This fall, as part of Scientists in Synagogues, Temple Shalom in Dallas, TX has offered a five-session program that has explored how Judaism guides us in using the power of data science, in everything from student admission to colleges to health care. This introductory talk was given on September 12, 2021 by Wayne Applebaum, Ph.D.Read Transcript
You know, the whole thing about science and religion is the difference a lot of times between what we can do, and what we should do. Data Science is no different from that. You could use it for good, you could use it for evil. What we hope to get into today is: what is data science? And how do you become a good consumer of it? We’re not going to get into formulas and stuff like that. What we’re going to get into is the practical, basic human knowledge that shapes data science, and in fact, any science.
So what is data science? Data science is simply using data to make decisions. And as such, it covers a lot of ground. And today’s session is going to be more of an introduction. And in the next sessions, Dr. Barry Lachman is going to talk about his work in the area of food insecurity, and we’ve got sessions on medicine, on how standardized testing should be used, and also data privacy. I’ve probably left one out. But we have four more sessions after this one, to take deeper dives into the area.
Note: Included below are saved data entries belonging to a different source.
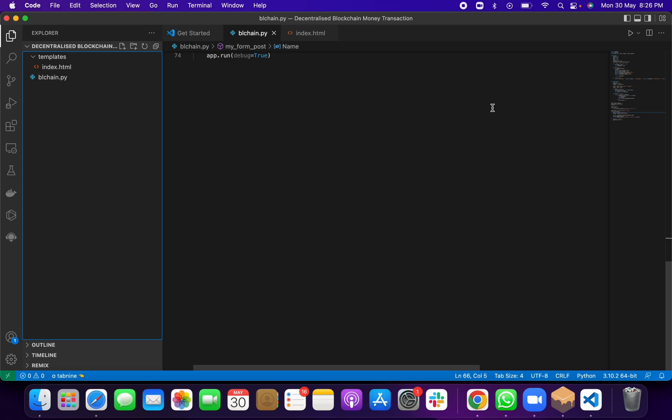Today I am going to show you a blood bank management system through blockchain, or you can say a blood management system through blockchain application. We are going to see the management of a blood bank through blockchain in simple terms. For the front end we are going to use HTML, and for the back end we are going to use Python programming, then integrate through Flask so that we will be able to communicate with the website.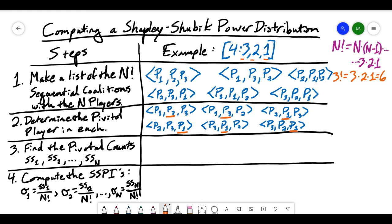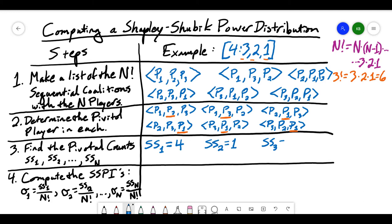Now I'm going to find the pivotal counts for each of the players. We denote these as SS1, SS2, and SS3, where SS stands for Shapley-Shubik. Looking for how many times player 1 is a pivotal player, I count how many times player 1 is underlined and find that player 1 has been underlined 4 times. For player 2, the number of times player 2 was the pivotal player is 1. And for player 3, the number of times player 3 is the pivotal player is also 1.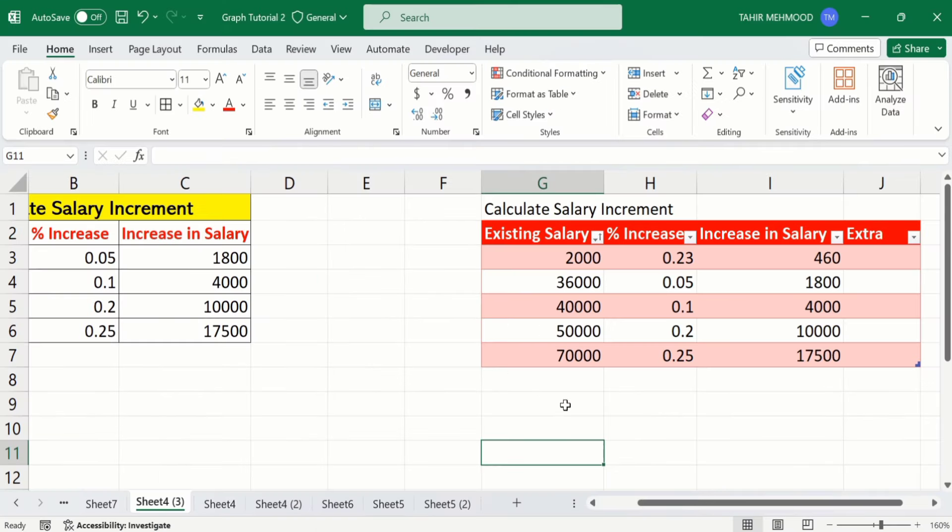By doing so, you can easily generate a table in Microsoft Excel and conditionally format it according to your requirement. That's the end of this video. Thanks for watching. Goodbye.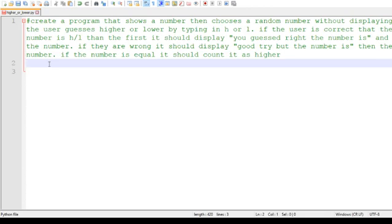It asks to create a program that shows a number, and then chooses a random number without displaying it. The user will guess higher or lower by typing an H for higher or L for lower. If the user's correct — if the second number is higher or lower than the first — it should display: you guessed right, the number is, and then the number.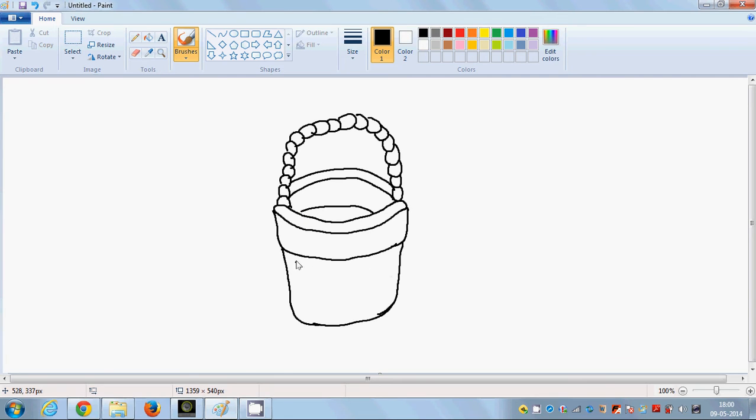And let's draw like this. The big zigzags.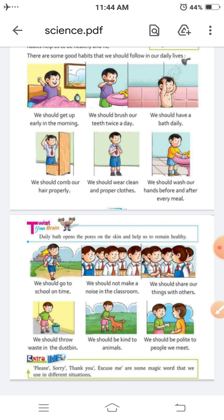So these are the good habits which we have to follow in our daily life: we should get up early in the morning, brush our teeth twice a day, have a bath daily, comb our hair properly, wear clean and proper clothes, wash our hands before and after every meal, go to school on time, not make noise in the classroom, share our things with others, throw waste in the dustbin, be kind to animals, and be polite to people we meet.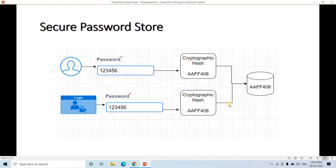This is how the password is stored in a database. When you sign up on any website, you might think that if some employee of that organization knows your password, they might misuse it. But the actual scenario is not like that — they cannot misuse it, because the architecture works like this: 123456 is not known by any employee. They can only know AAFA408. And if they try to enter AAFA408 as the password, the hash algorithm will be applied on top of that, generating a completely different value that will not match the stored database password, so the login will fail.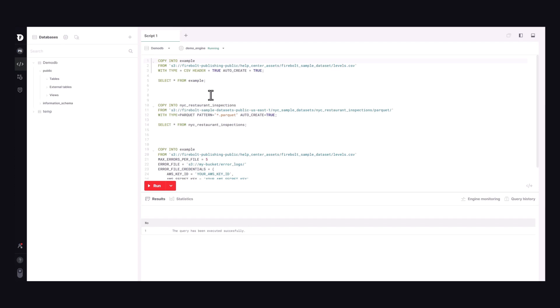Let's look at a CopyFrom statement that imports data from a publicly hosted dataset in one of Firebolt's Amazon S3 buckets. This query discovers the schema of the source data levels.csv, creates a Firebolt-managed table called Example, and populates the table with data.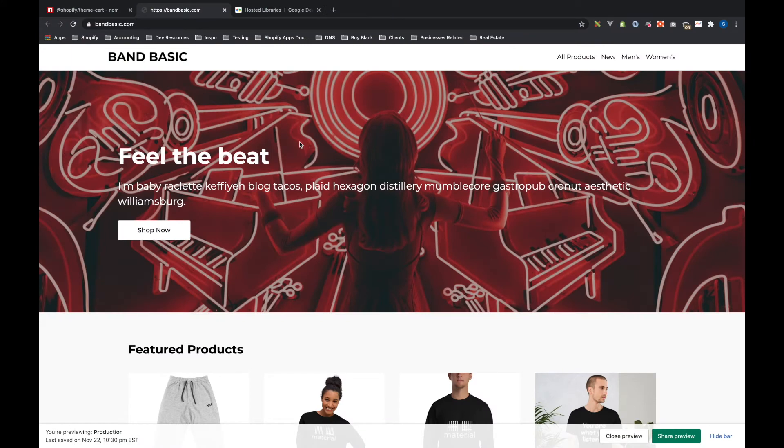Hey everybody, my name is Sam Webb and this is Shopify Dev Tips. Since this is the first video of this series, I just want to give a quick explanation about the purpose of it.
What we hope will come out of this is some continuing discussion, not only on those areas, but on the areas that we haven’t had time to touch on.
Rabbi Jonathan Sacks, of blessed memory, wrote a book called The Great Partnership.” And it’s about the partnership between God and science. And it’s a tremendous book – if you ever have some time, I advise you to read it. He also wrote, in 2016:
“In the beginning, God created heaven and earth. This isn’t, as people sometimes think, an early attempt at science. It is more poetry than prose. What it was originally was it a rejection of myth, the idea that the universe is a place of clashing, capricious forces seen as gods. Instead, the Bible sees the universe as a place of law, governed by order, and seeks to create in us a sense of wonder, knowing how vast the universe is and how small and vulnerable we are.”
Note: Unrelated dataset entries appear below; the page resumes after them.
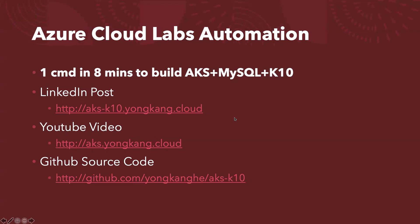What about Azure Cloud? If your favorite cloud is Azure Cloud, I also have the labs automation scripts ready for you. So you can run the one magic command to build the EKS plus MySQL database plus custom K10. So all done in eight minutes.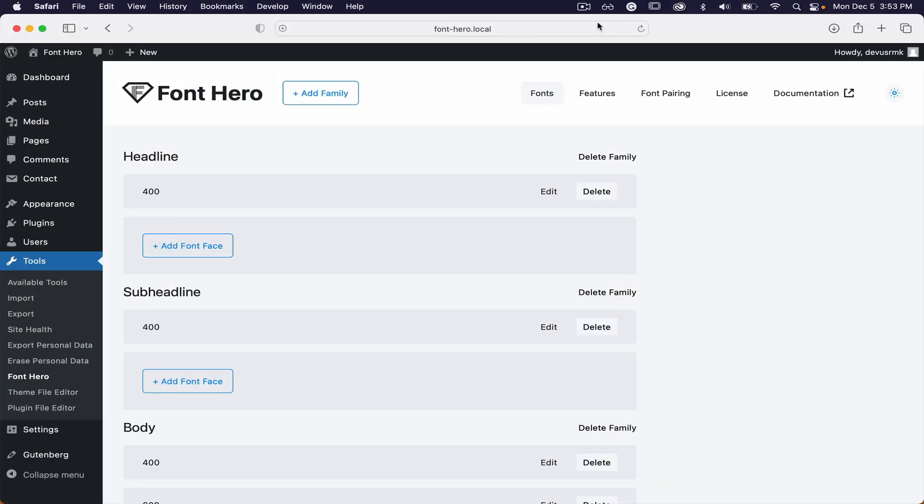Font Hero is a font manager from Deep Plugins. It's a well-crafted, small, and useful plugin. After installation, it's located under Tools > Font Hero.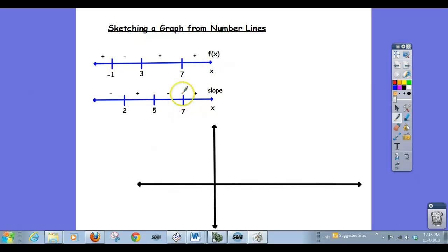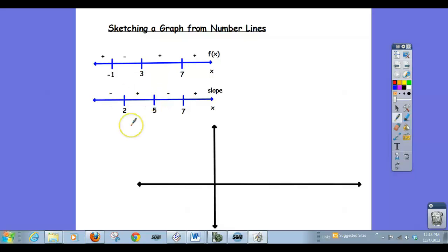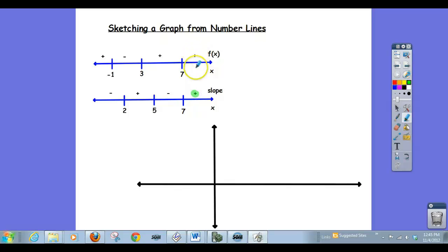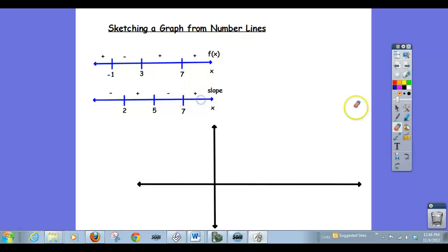The key thing to keep in mind is that this is very much like a puzzle type of problem. Our graph has to agree with all the details and characteristics showing up on these number lines. Also, a plus on the slope number line means the graph is rising and increasing after 7, while a plus on the f(x) number line means the function itself is positive — the y values are positive. So you want to be aware of that distinction. Once you get a picture down, go back and make sure your graph agrees with the number lines.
That wonder is heightened by discoveries like the Hubble Telescope, where an international team of astronomers discovered that there are 10 times as many galaxies as we previously thought – 2 trillion of them! Think about it. With sophisticated scientific knowledge, we didn’t even expect the existence of 90% of the galaxies that we now believe there are.
Meanwhile, in the opposite direction, physicists at the University of Manchester announced that they have begun the search for a new God Particle, the so-called Sterile Neutrino, that’s even harder to detect than the Higgs Boson, which may help us understand how the universe came from being, matter over antimatter, after the Big Bang.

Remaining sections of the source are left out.